Piping the command through | tail buffers until the process exits, so a
long run looks frozen when it's fine.
- Mind the session clock. A long run can outlive your auth cookie/token; when
it expires every request redirects to login → all bits read false → a silent
blank dump. For long extractions, scope short or refresh auth first.
- Stopping a run. sqlmap runs as a named container
roorecon-sqlmap-<pid>.
Stopping the host task alone leaves it running (detached) — kill it with
docker rm -f roorecon-sqlmap-* (the teardown skill sweeps these too).
Handing off the loot
- Hashes (e.g. ZoneMinder/WordPress/Joomla password columns) → the hashcat
skill: identify the type → mode → wordlist→rules→mask.
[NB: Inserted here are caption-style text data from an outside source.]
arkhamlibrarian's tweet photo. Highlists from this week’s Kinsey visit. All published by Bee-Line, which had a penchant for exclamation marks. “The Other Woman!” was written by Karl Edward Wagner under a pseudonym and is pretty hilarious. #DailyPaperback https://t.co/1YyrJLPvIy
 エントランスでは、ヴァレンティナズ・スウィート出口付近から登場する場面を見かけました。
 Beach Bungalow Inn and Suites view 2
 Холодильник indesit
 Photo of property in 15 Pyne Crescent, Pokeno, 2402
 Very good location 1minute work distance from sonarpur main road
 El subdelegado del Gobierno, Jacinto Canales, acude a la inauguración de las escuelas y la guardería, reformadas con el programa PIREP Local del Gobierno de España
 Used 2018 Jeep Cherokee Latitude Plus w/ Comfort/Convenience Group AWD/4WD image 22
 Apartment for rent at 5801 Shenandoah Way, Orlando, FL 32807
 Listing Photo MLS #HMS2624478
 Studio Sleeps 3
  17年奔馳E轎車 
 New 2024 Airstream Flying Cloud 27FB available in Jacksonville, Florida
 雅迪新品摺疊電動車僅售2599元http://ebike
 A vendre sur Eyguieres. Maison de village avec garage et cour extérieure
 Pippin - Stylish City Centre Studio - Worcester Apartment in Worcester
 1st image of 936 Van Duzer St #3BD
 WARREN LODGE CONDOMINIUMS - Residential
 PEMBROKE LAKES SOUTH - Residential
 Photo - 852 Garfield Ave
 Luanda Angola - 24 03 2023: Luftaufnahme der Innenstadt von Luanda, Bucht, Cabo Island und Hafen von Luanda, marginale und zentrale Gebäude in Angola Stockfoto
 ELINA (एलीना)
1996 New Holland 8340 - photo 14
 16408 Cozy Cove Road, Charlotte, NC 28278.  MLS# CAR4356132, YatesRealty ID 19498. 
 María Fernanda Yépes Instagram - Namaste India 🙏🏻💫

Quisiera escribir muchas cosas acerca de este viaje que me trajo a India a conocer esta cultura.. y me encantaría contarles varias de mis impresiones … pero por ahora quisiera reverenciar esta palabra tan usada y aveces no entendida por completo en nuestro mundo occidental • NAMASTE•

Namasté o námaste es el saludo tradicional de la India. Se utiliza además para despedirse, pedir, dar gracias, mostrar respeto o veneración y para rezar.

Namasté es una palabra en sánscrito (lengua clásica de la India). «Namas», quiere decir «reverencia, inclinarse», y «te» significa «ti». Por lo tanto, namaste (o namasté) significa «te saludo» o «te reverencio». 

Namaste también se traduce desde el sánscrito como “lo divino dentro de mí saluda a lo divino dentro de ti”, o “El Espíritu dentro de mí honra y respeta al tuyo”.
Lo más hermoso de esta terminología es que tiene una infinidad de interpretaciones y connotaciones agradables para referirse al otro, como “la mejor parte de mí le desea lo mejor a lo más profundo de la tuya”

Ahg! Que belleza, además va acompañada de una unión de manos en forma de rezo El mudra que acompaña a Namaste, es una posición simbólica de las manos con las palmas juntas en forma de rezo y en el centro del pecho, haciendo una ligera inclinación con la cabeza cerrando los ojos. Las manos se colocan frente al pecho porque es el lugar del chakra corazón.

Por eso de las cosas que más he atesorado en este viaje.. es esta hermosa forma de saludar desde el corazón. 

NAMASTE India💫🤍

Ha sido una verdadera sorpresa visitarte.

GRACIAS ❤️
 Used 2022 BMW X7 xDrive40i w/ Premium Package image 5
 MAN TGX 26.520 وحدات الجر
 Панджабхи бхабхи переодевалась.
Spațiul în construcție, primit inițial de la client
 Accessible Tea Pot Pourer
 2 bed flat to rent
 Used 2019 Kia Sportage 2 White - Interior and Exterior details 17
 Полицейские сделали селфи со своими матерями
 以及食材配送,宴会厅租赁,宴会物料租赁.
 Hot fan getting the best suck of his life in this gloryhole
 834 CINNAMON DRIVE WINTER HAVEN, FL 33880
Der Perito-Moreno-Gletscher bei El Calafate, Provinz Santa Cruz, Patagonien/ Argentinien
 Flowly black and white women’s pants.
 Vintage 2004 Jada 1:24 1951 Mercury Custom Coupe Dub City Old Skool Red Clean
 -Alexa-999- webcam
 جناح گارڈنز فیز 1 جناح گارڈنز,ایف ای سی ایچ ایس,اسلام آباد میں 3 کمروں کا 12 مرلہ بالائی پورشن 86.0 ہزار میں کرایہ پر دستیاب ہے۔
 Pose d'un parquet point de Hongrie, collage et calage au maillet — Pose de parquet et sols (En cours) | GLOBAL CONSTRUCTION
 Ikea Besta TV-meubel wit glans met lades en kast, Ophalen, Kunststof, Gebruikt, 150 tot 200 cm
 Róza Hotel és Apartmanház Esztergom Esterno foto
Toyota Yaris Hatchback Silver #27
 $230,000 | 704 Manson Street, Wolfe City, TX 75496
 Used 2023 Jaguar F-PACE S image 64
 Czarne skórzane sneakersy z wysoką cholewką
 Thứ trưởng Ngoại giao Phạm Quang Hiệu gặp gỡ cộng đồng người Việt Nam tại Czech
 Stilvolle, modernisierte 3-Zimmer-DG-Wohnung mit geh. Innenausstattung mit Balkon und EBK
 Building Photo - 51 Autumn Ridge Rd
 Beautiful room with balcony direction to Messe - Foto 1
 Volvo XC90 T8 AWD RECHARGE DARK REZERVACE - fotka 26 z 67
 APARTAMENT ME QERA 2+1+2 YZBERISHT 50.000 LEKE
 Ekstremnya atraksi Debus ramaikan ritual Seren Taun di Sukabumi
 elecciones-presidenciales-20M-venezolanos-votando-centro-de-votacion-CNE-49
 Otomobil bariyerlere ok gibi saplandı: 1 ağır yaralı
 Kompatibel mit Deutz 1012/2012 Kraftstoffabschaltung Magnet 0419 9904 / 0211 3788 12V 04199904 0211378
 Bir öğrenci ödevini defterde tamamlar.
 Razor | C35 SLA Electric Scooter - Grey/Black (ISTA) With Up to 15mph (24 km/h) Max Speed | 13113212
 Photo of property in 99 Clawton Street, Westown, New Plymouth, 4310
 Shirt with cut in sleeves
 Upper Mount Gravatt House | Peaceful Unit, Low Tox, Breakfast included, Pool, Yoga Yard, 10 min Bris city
- Plaintext creds → try them against other services on the box (SSH 22, the
app's admin panel, SMB) — credential reuse is the common pivot. On a DC, hand
to the ad skill.
- Note every dumped username/host as a pivot candidate, same as recon.
Notes for the operator
- Exploitation, not just enumeration — this confirms and extracts. Keep the
operator in the loop on what you're dumping and why; prefer targeted extraction.
- Tools run only in containers (no host fallback). First run builds the sqlmap
image (clones sqlmap). Surface build/Docker errors; never fall back to a host
binary.
- Target-facing: always prefix
ROO_NET=container:roorecon-vpn for an
internal/VPN-only target, and add discovered vhosts to ./hosts so sqlmap
resolves them (it's mounted into the container). A connection refused/timeout is
not a clean "not injectable" result — suspect a missing ROO_NET, a down
tunnel, or an unresolved host first.